▸ Work instructions
All of the data should be given again word for word, though the images are to be left out.

[Input data — start]

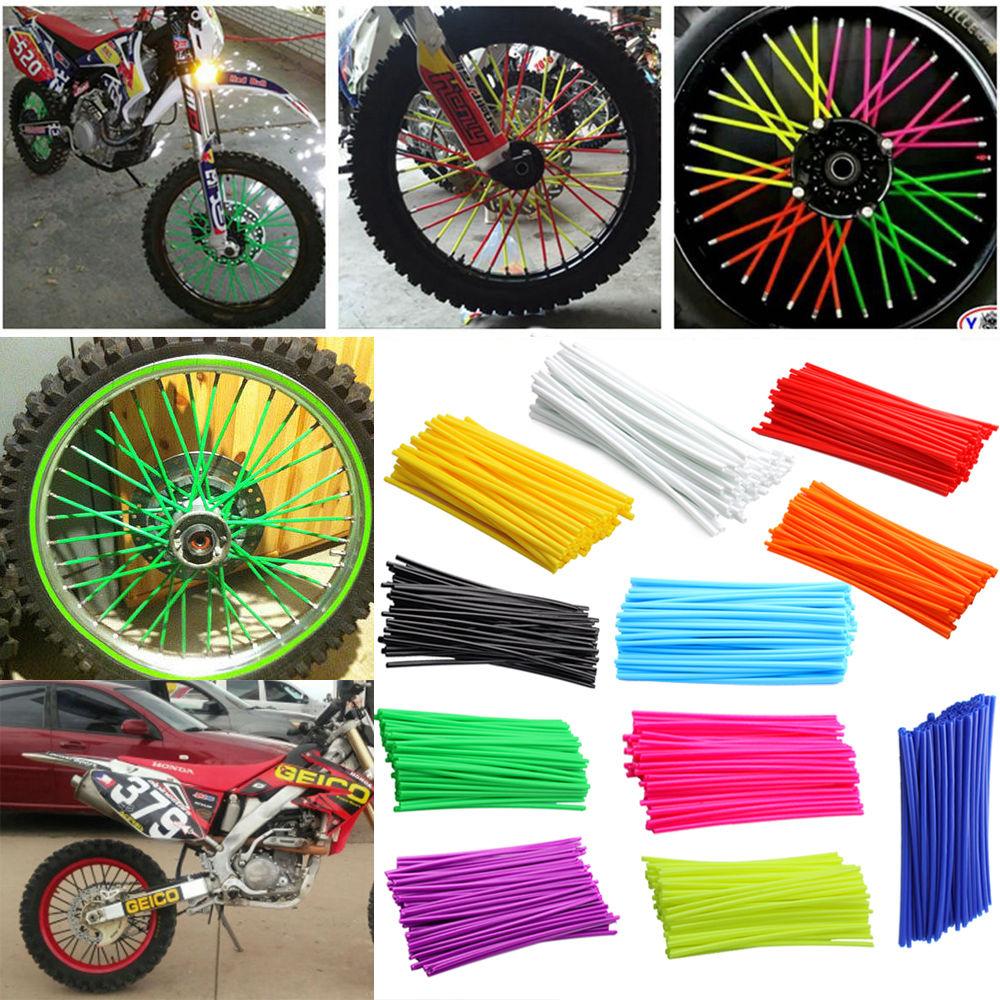 Wheel Spoke Wraps Plastic Black Skin Covers for Motorcycles Pit Bike Modifications Universal for
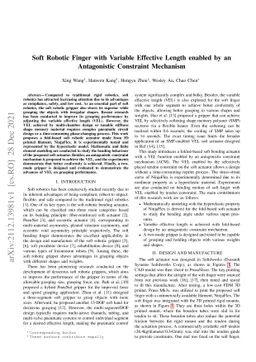 Soft Robotic Finger with Variable Effective Length enabled by an
  Antagonistic Constraint Mechanism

[Input data — finish]

▸ Task response
 Wheel Spoke Wraps Plastic Black Skin Covers for Motorcycles Pit Bike Modifications Universal for
 Soft Robotic Finger with Variable Effective Length enabled by an
  Antagonistic Constraint Mechanism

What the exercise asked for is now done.